(ATTN: ADDS more comments, background info in paras 3, 7-10, byline)
By Oh Seok-min
SEOUL, April 22 (Yonhap) -- The defense ministry denied a Japanese news report Monday that Seoul has notified Tokyo of its detailed guidelines on fire-control radar operations in case of low-altitude flybys by Japanese maritime aircraft.
In December, Japan claimed that a South Korean warship locked fire-control radar on its maritime patrol aircraft in the neighbors' overlapping exclusive economic zones, but Seoul has said the warship never used any tracking radar as it was on a mission to rescue a North Korean fishing boat that was drifting in the East Sea.
Japan's Yomiuri Shimbun reported on Monday that the Seoul government in January outlined for Japan Seoul's radar operation guidelines while warning that South Korea would direct its radar at Japanese planes if they come as close as 3 nautical miles, or around 5.5 kilometers.

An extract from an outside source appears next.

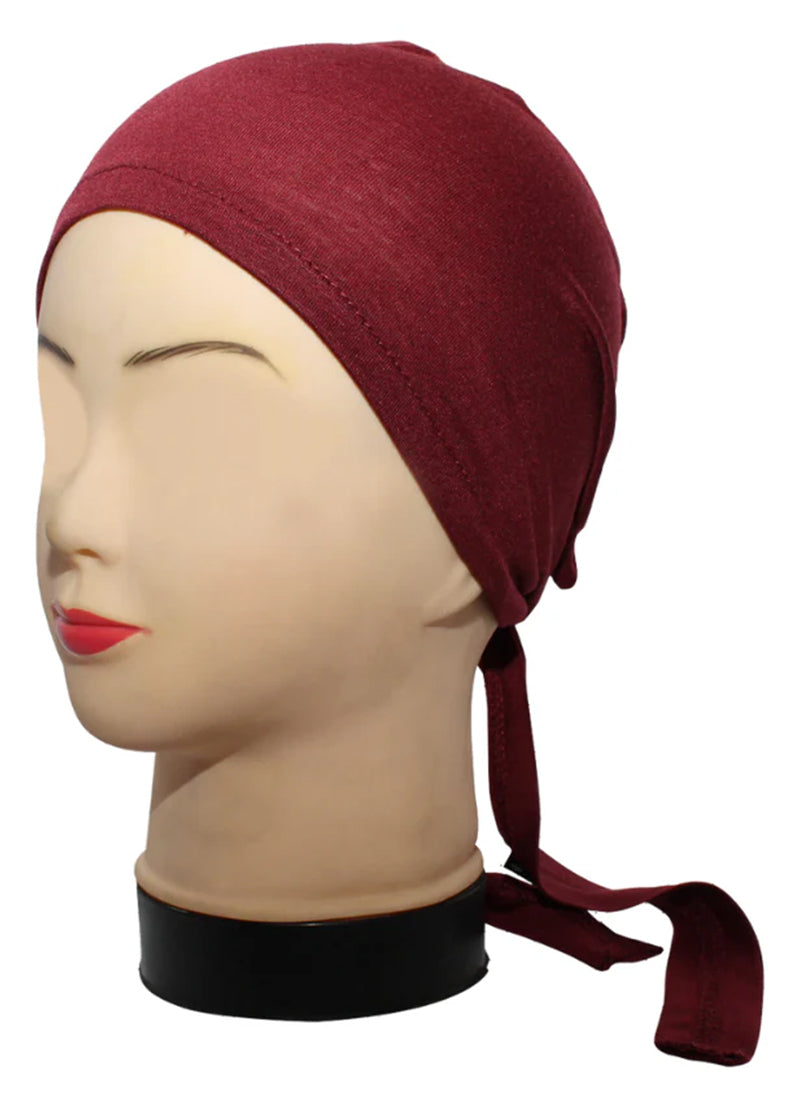 Maroon Plain Tie Bonnet Cap for Hijabs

"We've not revealed any of our military manuals, including detailed operational procedures, to Japan," an official at the Seoul ministry said.
Such a news report appears to be caused by misunderstandings about Seoul's warnings to the Japanese side at the height of the conflict, he noted.
"In order to prevent any possible accidental naval clashes between the two sides, we stressed our policy stance and possible military responses in case of any recurrence when a defense attache from the Japanese Embassy in Seoul was called in," he said.
While noting that its operational manuals are more precise and specific, another Seoul military officer said Seoul made it clear in January that a warning message can be sent ahead of a radar operation in case of low-altitude flybys within 3 nautical miles by any maritime aircraft "which is in accordance with universal, international practices."
"We once again call for Japan to stop such menacing activities and come up with measures to prevent a recurrence," he added.
The defense ministry also expressed regret over Japan's unilateral disclosure of the fact that the two sides held a bilateral closed-door working-level meeting earlier this month, where Tokyo asked for the withdrawal of such a stance, a demand rejected by Seoul.
Following last year's incident, the South Korean military authorities beefed up their response manuals "in a more detailed manner," according to officials.
The radar row significantly soured military relations between the two countries, but there have been signs of improvement in recent weeks as officials of the two nations reportedly met earlier this month to discuss the agenda for next month's annual trilateral security talks also involving the United States.